Он видел трусость обывателей, мелочность обид, смеялся над другими, а сам не знал, что ему делать. Как-то он показал мне медную дощечку на двери — «Гр. А. Н. Толстой» — и загрохотал: «Для одних граф, для других гражданин», — смеялся он над собой.
«Мадам Кошке сказала, подавая блюдо индийскому принцу: «Вот дичь». Это он рассказывал, смеясь, за обедом. Потом, поговорив с молоденьким левым эсером, расстроился. Так рождался рассказ «Милосердия!»; Толстой впоследствии писал, что это была первая попытка высмеять либеральных интеллигентов; он не добавил, что умел смеяться и над своим смятением.
Весной 1921 года я приехал в Париж. Толстой позвал на меня гостей: Бунина, Тэффи, Зайцева. Толстой и его жена Н. В. Крандиевская мне обрадовались. Бунин был непримирим, прервал мои рассказы о Москве заявлением, что он может теперь разговаривать только с людьми своего звания, и ушел. Тэффи пыталась шутить. Зайцев молчал. Алексей Николаевич был растерян: «Понимаешь, ничего нельзя понять…» Вскоре после этого французская полиция выслала меня из Парижа.
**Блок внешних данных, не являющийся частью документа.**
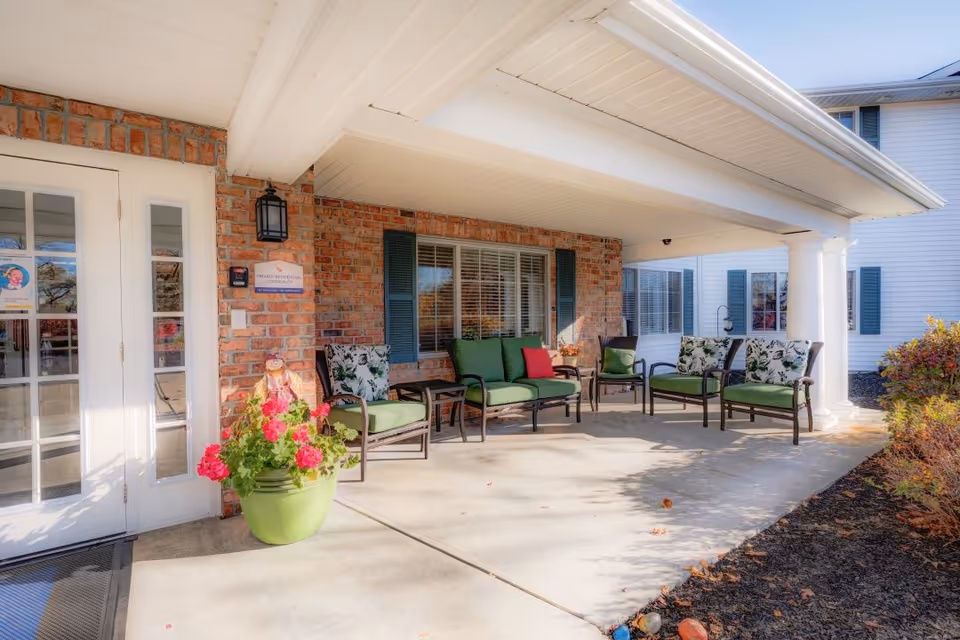 Covered outdoor seating area at the entrance of a building with brick walls and white pillars. The seating includes green cushioned chairs and a loveseat with floral pillows, arranged around small tables. There is a large green planter with pink flowers near the white double doors, and some bushes and landscaping along the walkway.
Потом я встретил Алексея Николаевича в Берлине; он уже знал, что скоро вернется в Россию. В статьях о нем пишут про сменовеховцев, про «постепенный подход» к идеям революции. Мне кажется, что дело было и проще и сложнее. Две страсти жили в этом человеке: любовь к своему народу и любовь к искусству. Он скорее почувствовал, чем логически понял, что писать вне России не сможет. А любовь к народу была такова, что он рассорился не только со своими друзьями, но и со многим в самом себе — поверил в народ и поверил, что все должно идти так, как пошло.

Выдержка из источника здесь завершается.